DATA BLOCK:
_ _ _ _ _

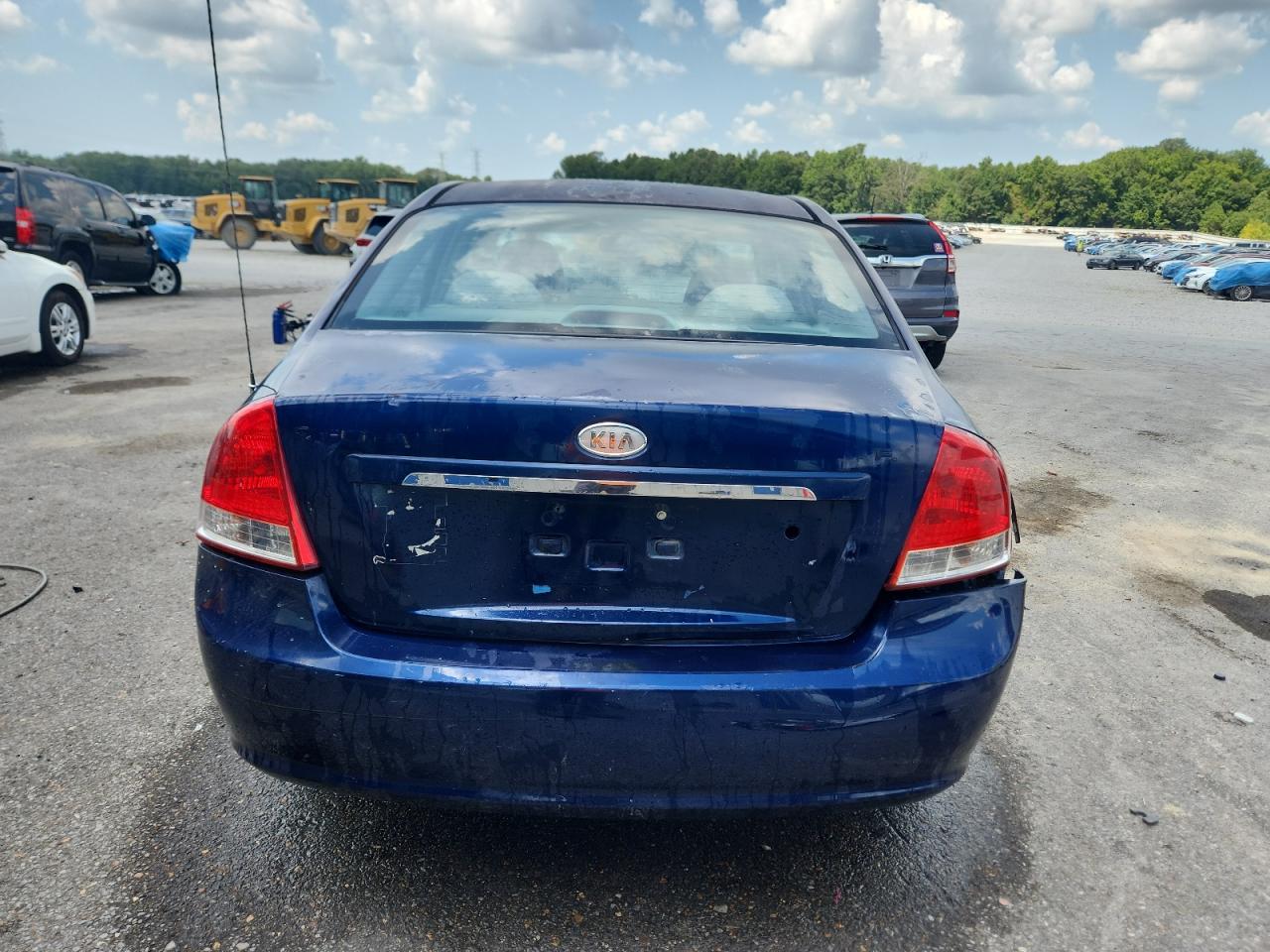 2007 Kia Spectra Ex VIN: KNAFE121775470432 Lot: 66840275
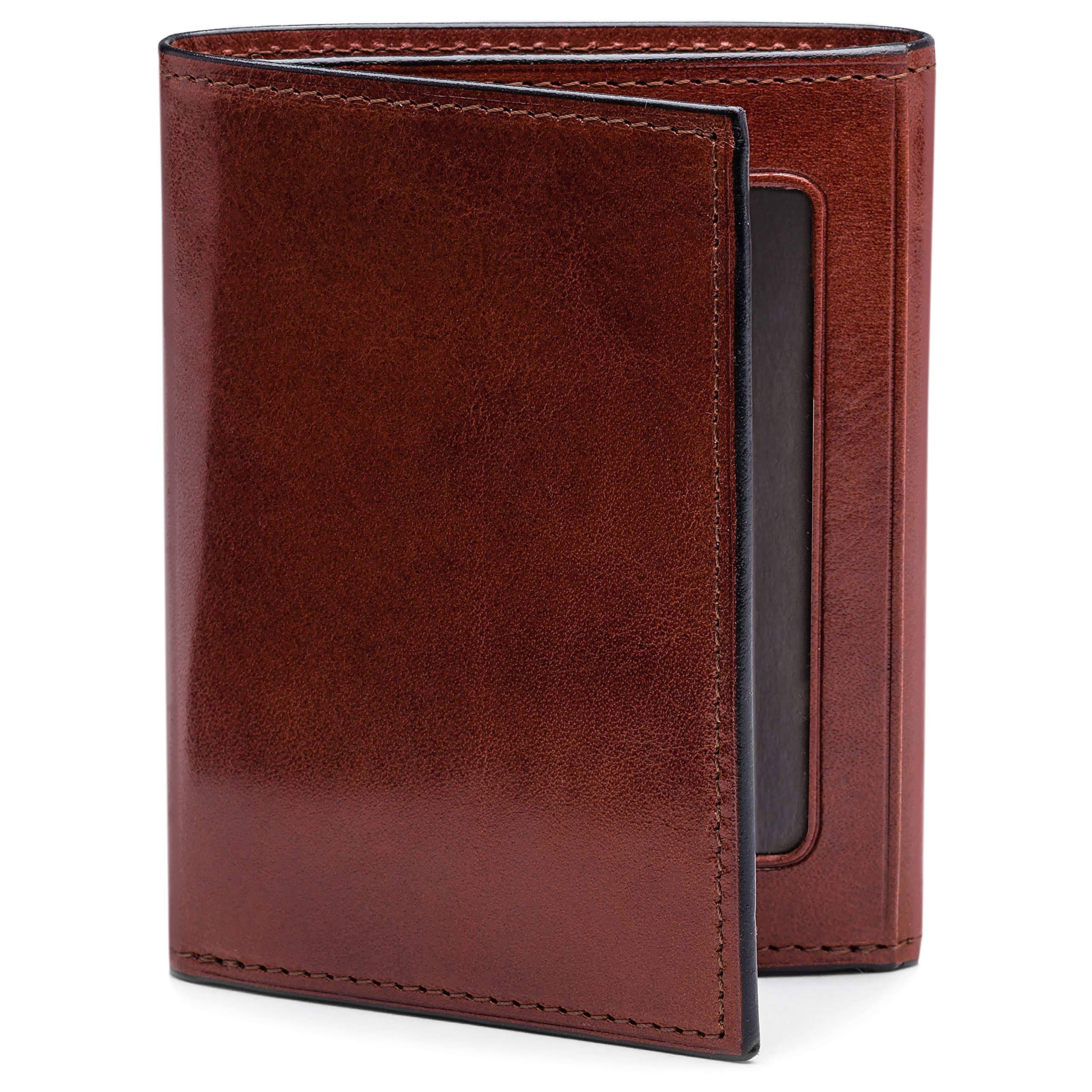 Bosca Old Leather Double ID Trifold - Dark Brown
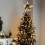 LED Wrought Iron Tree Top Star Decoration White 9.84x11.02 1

_ _ _ _ _

WORK TO COMPLETE:
Print each line of the material above exactly, with the pictures removed from your copy.

RESULT:
 2007 Kia Spectra Ex VIN: KNAFE121775470432 Lot: 66840275
 Bosca Old Leather Double ID Trifold - Dark Brown
 LED Wrought Iron Tree Top Star Decoration White 9.84x11.02 1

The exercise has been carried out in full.